Key Takeaways
According to commonly used benchmarks, frontier large language models (LLMs) have now surpassed the average human’s ability to solve mathematical problems and perform complex reasoning.
For instance, OpenAI’s o1 model recently outperformed human experts on PhD-level science questions.
However, a group of Apple researchers (Mirzadeh et al.) have recently highlighted a major flaw in the way AI performance is assessed.
By changing the phrasing of the questions just a tiny bit, leading models from OpenAI, Google, Anthropic and Meta saw their ability to answer questions correctly collapse.
Standardized AI benchmarks make it possible to compare different models’ performance. However, if AI developers only measure intelligence using a limited set of benchmarks, they risk creating models that perform exceedingly well on a finite same of predetermined tasks but flounder in the wild.
To explore the issue, Mirzadeh et al. modified the commonly used GSM8K benchmark–a set of 8,500 grade school math word problems.
The researchers found that even superficial changes such as switching names negatively impacted model performance.
When they changed the values, performance dropped more notably. The most significant decrease occurred when they rephrased the question entirely. For example, adding a single irrelevant clause caused performance to decline by up to 65%.
Interestingly, the researchers observed this “fragility of mathematical reasoning” across all models they tested, including so-called chain-of-thought (CoT) models like OpenAI’s o1 that are meant to be capable of complex reasoning.
Chain-of-thought first emerged as a form of prompt engineering that breaks down complex prompts into a series of intermediate steps.
Although the technique was honed as an additional stage developers could apply to LLM prompts, some models now incorporate CoT into their architecture.
With CoT baked in, OpenAI’s o1 is much more capable of complex reasoning than its predecessors. The model’s lead developer Lukasz Kaiser has argued that the new design approach represents a shift for LLMs that will lead to more concrete logical processes.

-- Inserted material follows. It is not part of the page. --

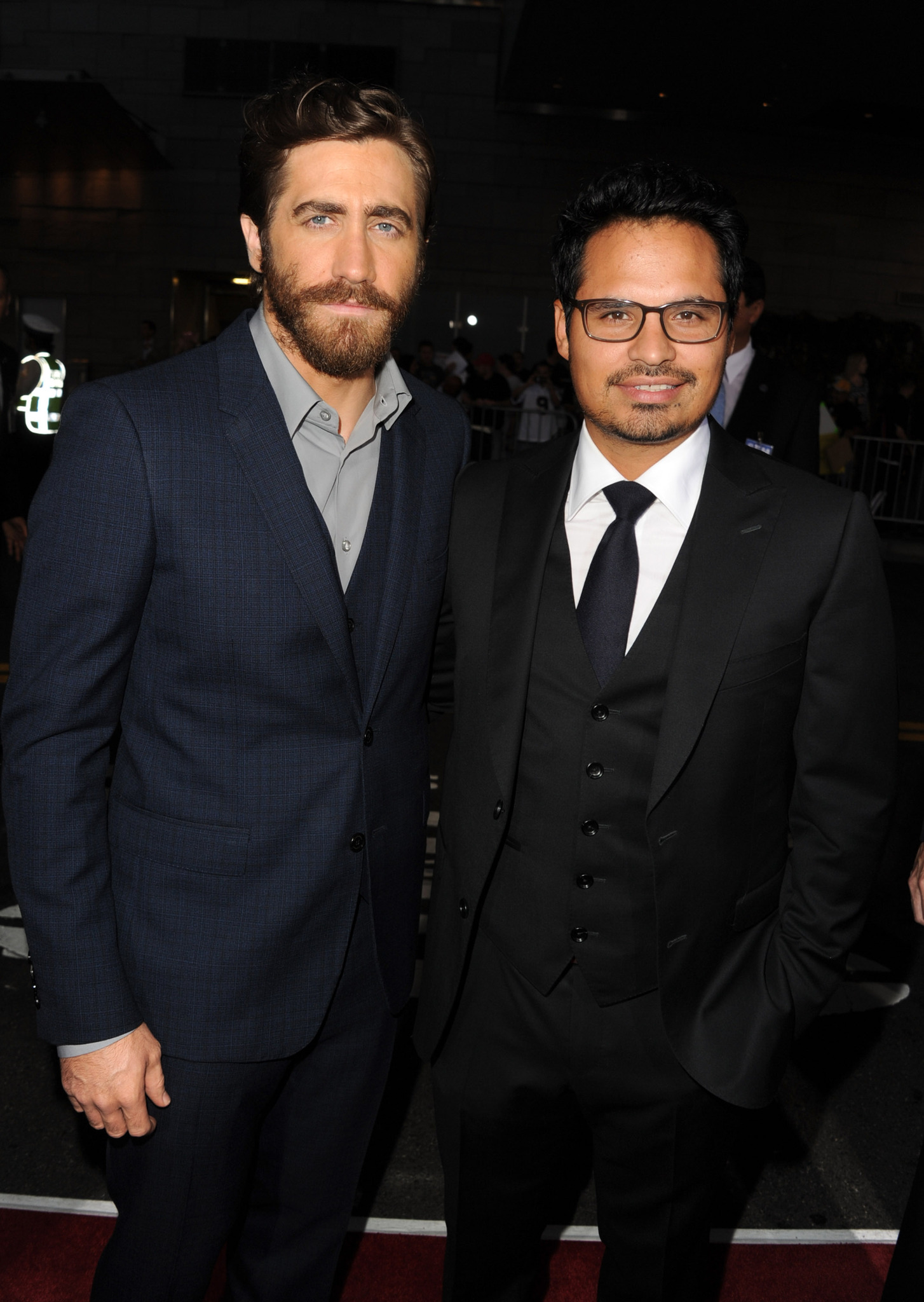 Jake Gyllenhaal and Michael Peña at event of End of Watch (2012)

Yet, for all its apparent advancements, o1 was subject to the same fragile reasoning the Apple researchers observed in other models.
Despite major performance gains, the researchers concluded that even the most sophisticated LLM operations “resemble sophisticated pattern matching more than true logical reasoning”.
Nevertheless, their findings do suggest that CoT-based approaches are moving in the right direction.
Of all the models assessed, o1 experienced the smallest performance decline between the regular GSM8K questions and the modified ones. In other words, although its reasoning was found to be fragile, it is less fragile than other models.